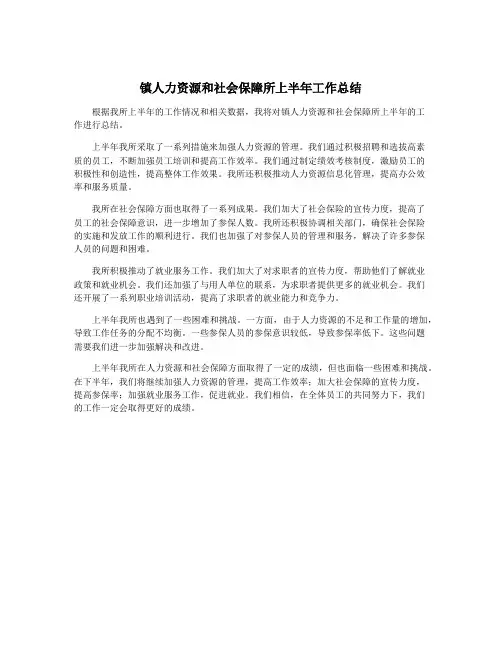 镇人力资源和社会保障所上半年工作总结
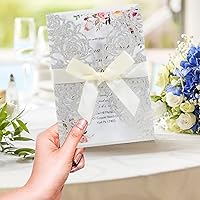 50Pcs Wedding Invitations, Rose Laser Cut Wedding Invitations Kit with Envelopes Blank Inner Sheets and Pre-tied Ribbons for Wedding Bridal Shower Engagement Birthday (Glitter Silver)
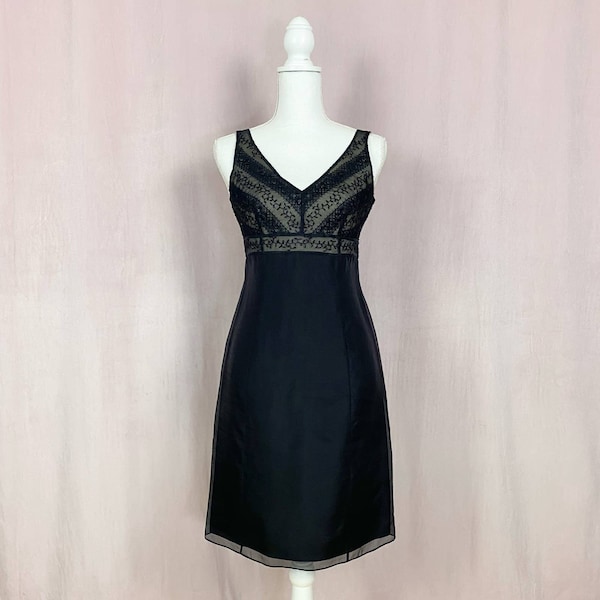 Jupe Ann Taylor En Soie 100% Imprimé Floral Noir Et Blanc - Taille 2P (petites), Occasion Très Bon état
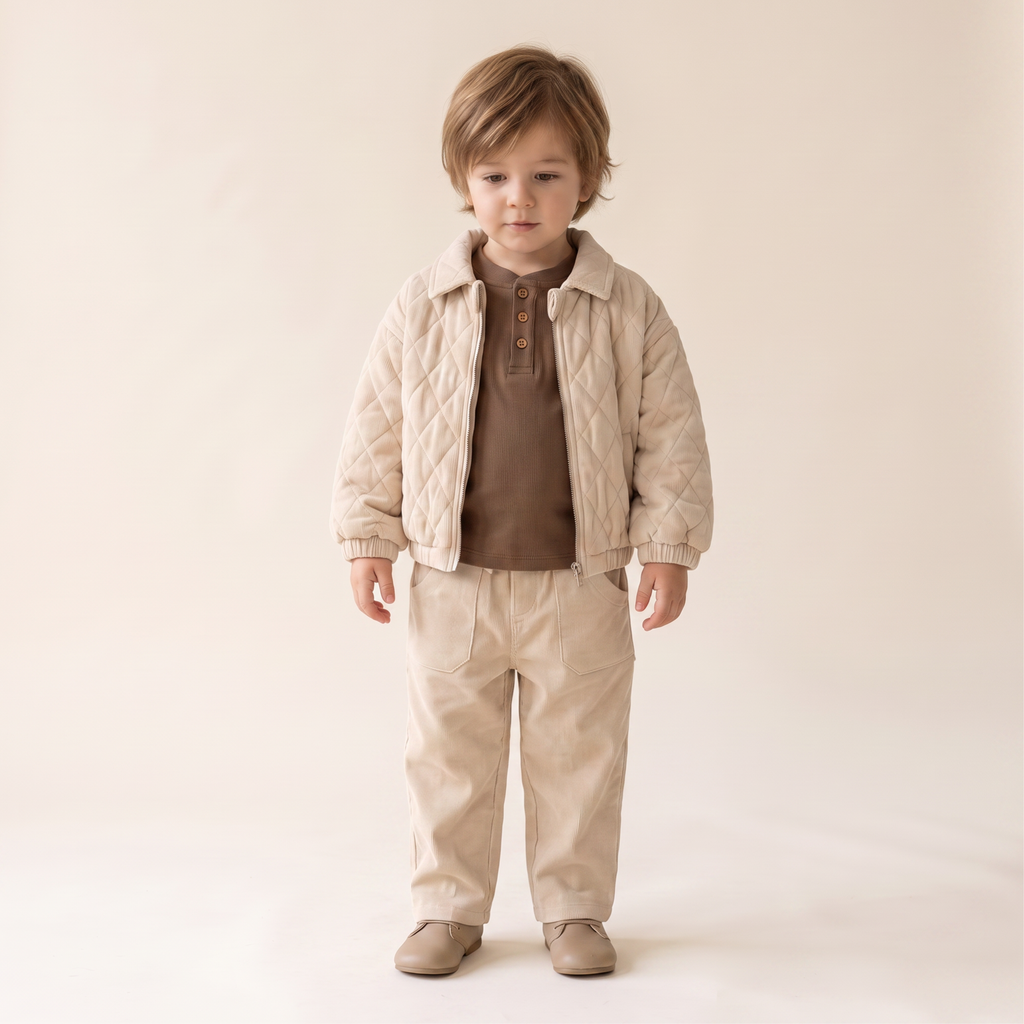 Organic Quilted Bomber Corduroy Jacket - Oat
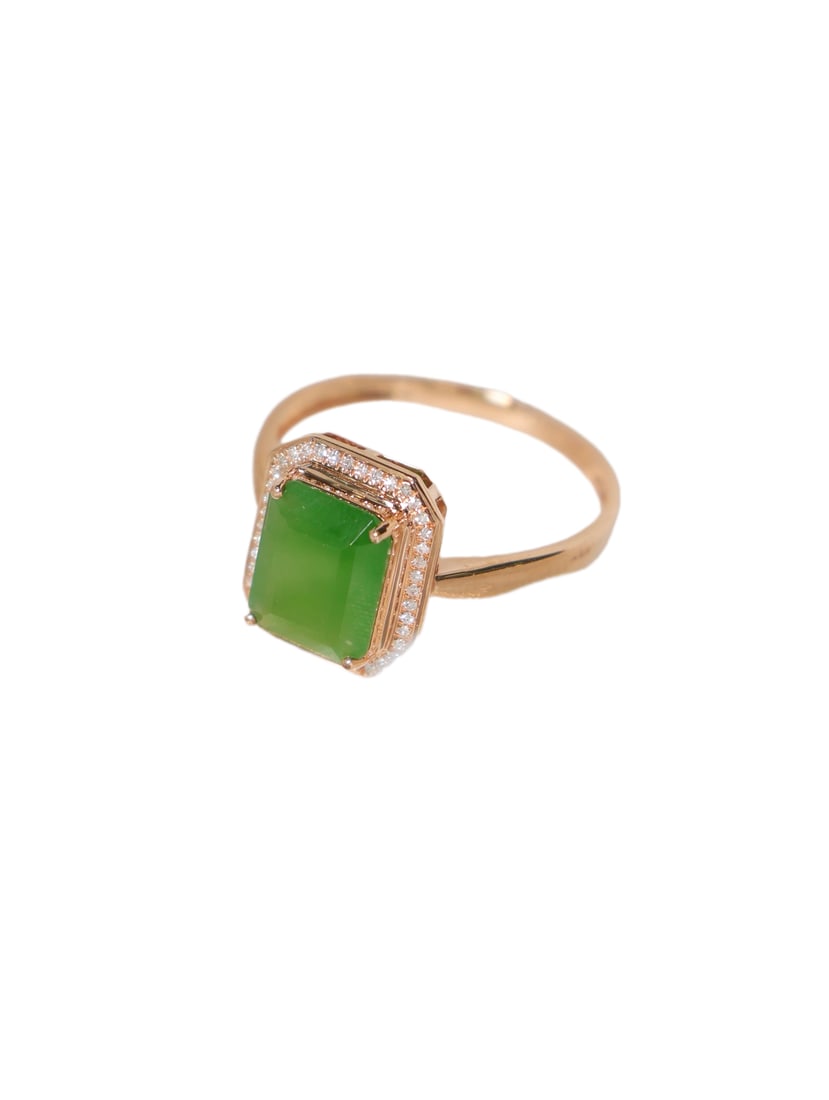 18K Gold Inlay Green Hetian Jade Ring (1 of 10)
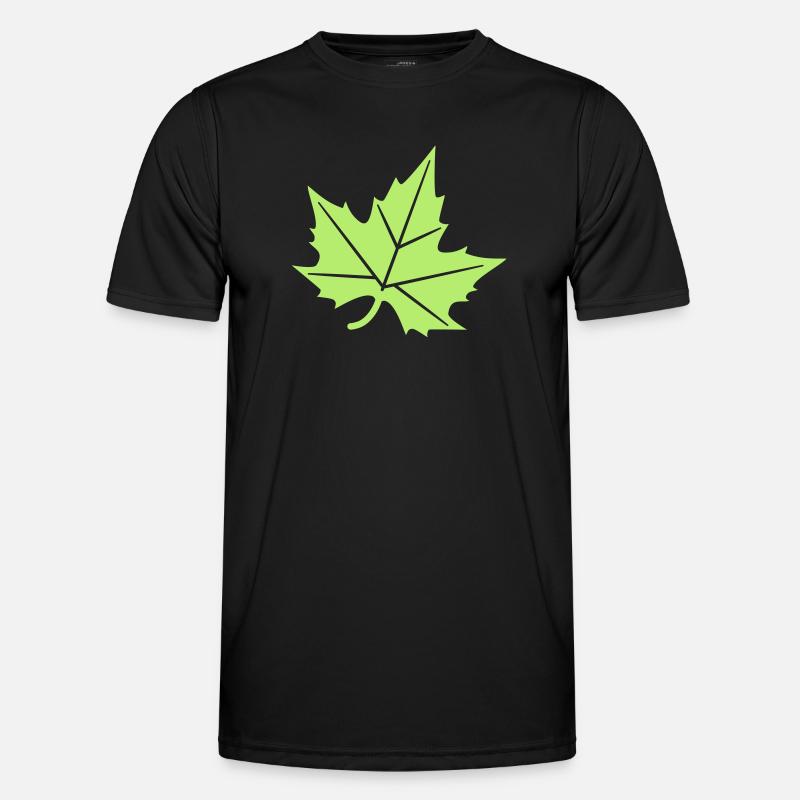 Plane Tree Leaf Design - Men's Functional T-Shirt - black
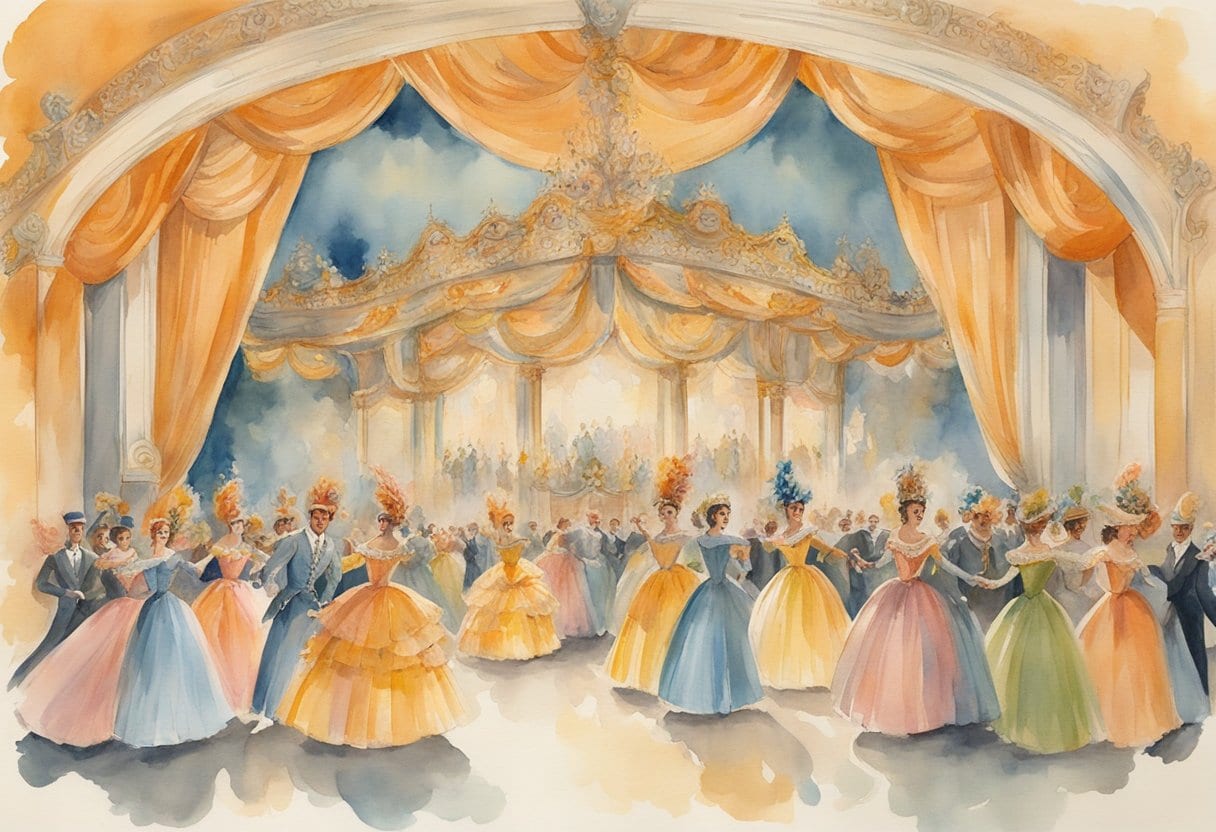 A grand stage with ornate masks, elaborate costumes, and swirling dancers at a Venetian carnival ball during a classic opera performance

REQUIRED ACTION: Lines from the one containing "50Pcs Wedding Invitations, Rose" through the end of the material above must be reproduced exactly; pictures must not be.

TASK RESULT:
 50Pcs Wedding Invitations, Rose Laser Cut Wedding Invitations Kit with Envelopes Blank Inner Sheets and Pre-tied Ribbons for Wedding Bridal Shower Engagement Birthday (Glitter Silver)
 Jupe Ann Taylor En Soie 100% Imprimé Floral Noir Et Blanc - Taille 2P (petites), Occasion Très Bon état
 Organic Quilted Bomber Corduroy Jacket - Oat
 18K Gold Inlay Green Hetian Jade Ring (1 of 10)
 Plane Tree Leaf Design - Men's Functional T-Shirt - black
 A grand stage with ornate masks, elaborate costumes, and swirling dancers at a Venetian carnival ball during a classic opera performance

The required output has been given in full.